╭─ Dataset

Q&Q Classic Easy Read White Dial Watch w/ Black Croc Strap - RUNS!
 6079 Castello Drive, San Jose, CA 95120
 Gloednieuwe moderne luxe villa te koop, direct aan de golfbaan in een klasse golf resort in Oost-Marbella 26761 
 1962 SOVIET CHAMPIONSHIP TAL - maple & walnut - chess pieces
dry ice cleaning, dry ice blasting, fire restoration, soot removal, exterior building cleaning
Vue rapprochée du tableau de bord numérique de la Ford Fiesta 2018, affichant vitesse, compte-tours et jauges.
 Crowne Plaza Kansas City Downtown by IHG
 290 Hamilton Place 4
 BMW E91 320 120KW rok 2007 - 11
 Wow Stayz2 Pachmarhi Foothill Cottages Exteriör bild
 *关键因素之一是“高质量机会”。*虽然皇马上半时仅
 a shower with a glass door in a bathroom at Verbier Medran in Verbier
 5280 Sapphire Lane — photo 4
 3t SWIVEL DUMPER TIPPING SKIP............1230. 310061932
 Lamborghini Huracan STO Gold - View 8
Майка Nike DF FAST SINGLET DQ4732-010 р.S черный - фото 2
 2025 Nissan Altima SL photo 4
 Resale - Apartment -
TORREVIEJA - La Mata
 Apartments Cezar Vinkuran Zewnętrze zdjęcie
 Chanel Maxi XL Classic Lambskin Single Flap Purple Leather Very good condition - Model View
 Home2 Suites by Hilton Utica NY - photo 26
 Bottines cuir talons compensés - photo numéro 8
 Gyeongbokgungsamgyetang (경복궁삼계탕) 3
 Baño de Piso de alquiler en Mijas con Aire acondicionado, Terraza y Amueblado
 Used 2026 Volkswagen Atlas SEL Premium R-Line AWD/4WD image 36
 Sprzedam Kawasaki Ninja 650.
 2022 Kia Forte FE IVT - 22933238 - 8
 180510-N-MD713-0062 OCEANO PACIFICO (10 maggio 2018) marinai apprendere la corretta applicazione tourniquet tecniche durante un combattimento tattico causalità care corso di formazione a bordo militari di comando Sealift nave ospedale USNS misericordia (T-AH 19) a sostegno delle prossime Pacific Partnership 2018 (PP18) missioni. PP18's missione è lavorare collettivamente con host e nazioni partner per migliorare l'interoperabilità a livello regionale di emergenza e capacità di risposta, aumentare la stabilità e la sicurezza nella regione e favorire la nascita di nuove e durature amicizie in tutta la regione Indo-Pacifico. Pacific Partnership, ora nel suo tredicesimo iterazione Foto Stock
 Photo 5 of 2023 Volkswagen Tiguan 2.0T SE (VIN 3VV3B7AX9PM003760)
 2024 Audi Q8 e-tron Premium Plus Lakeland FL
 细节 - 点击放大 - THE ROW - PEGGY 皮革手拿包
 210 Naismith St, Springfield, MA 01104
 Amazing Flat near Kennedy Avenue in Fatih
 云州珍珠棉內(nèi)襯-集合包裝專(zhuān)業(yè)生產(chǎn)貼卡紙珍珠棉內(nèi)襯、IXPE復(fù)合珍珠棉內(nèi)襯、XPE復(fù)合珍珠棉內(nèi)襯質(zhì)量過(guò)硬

╰─

### Work item
Return what is listed above, exactly and completely.

### Solved exercise
Q&Q Classic Easy Read White Dial Watch w/ Black Croc Strap - RUNS!
 6079 Castello Drive, San Jose, CA 95120
 Gloednieuwe moderne luxe villa te koop, direct aan de golfbaan in een klasse golf resort in Oost-Marbella 26761 
 1962 SOVIET CHAMPIONSHIP TAL - maple & walnut - chess pieces
dry ice cleaning, dry ice blasting, fire restoration, soot removal, exterior building cleaning
Vue rapprochée du tableau de bord numérique de la Ford Fiesta 2018, affichant vitesse, compte-tours et jauges.
 Crowne Plaza Kansas City Downtown by IHG
 290 Hamilton Place 4
 BMW E91 320 120KW rok 2007 - 11
 Wow Stayz2 Pachmarhi Foothill Cottages Exteriör bild
 *关键因素之一是“高质量机会”。*虽然皇马上半时仅
 a shower with a glass door in a bathroom at Verbier Medran in Verbier
 5280 Sapphire Lane — photo 4
 3t SWIVEL DUMPER TIPPING SKIP............1230. 310061932
 Lamborghini Huracan STO Gold - View 8
Майка Nike DF FAST SINGLET DQ4732-010 р.S черный - фото 2
 2025 Nissan Altima SL photo 4
 Resale - Apartment -
TORREVIEJA - La Mata
 Apartments Cezar Vinkuran Zewnętrze zdjęcie
 Chanel Maxi XL Classic Lambskin Single Flap Purple Leather Very good condition - Model View
 Home2 Suites by Hilton Utica NY - photo 26
 Bottines cuir talons compensés - photo numéro 8
 Gyeongbokgungsamgyetang (경복궁삼계탕) 3
 Baño de Piso de alquiler en Mijas con Aire acondicionado, Terraza y Amueblado
 Used 2026 Volkswagen Atlas SEL Premium R-Line AWD/4WD image 36
 Sprzedam Kawasaki Ninja 650.
 2022 Kia Forte FE IVT - 22933238 - 8
 180510-N-MD713-0062 OCEANO PACIFICO (10 maggio 2018) marinai apprendere la corretta applicazione tourniquet tecniche durante un combattimento tattico causalità care corso di formazione a bordo militari di comando Sealift nave ospedale USNS misericordia (T-AH 19) a sostegno delle prossime Pacific Partnership 2018 (PP18) missioni. PP18's missione è lavorare collettivamente con host e nazioni partner per migliorare l'interoperabilità a livello regionale di emergenza e capacità di risposta, aumentare la stabilità e la sicurezza nella regione e favorire la nascita di nuove e durature amicizie in tutta la regione Indo-Pacifico. Pacific Partnership, ora nel suo tredicesimo iterazione Foto Stock
 Photo 5 of 2023 Volkswagen Tiguan 2.0T SE (VIN 3VV3B7AX9PM003760)
 2024 Audi Q8 e-tron Premium Plus Lakeland FL
 细节 - 点击放大 - THE ROW - PEGGY 皮革手拿包
 210 Naismith St, Springfield, MA 01104
 Amazing Flat near Kennedy Avenue in Fatih
 云州珍珠棉內(nèi)襯-集合包裝專(zhuān)業(yè)生產(chǎn)貼卡紙珍珠棉內(nèi)襯、IXPE復(fù)合珍珠棉內(nèi)襯、XPE復(fù)合珍珠棉內(nèi)襯質(zhì)量過(guò)硬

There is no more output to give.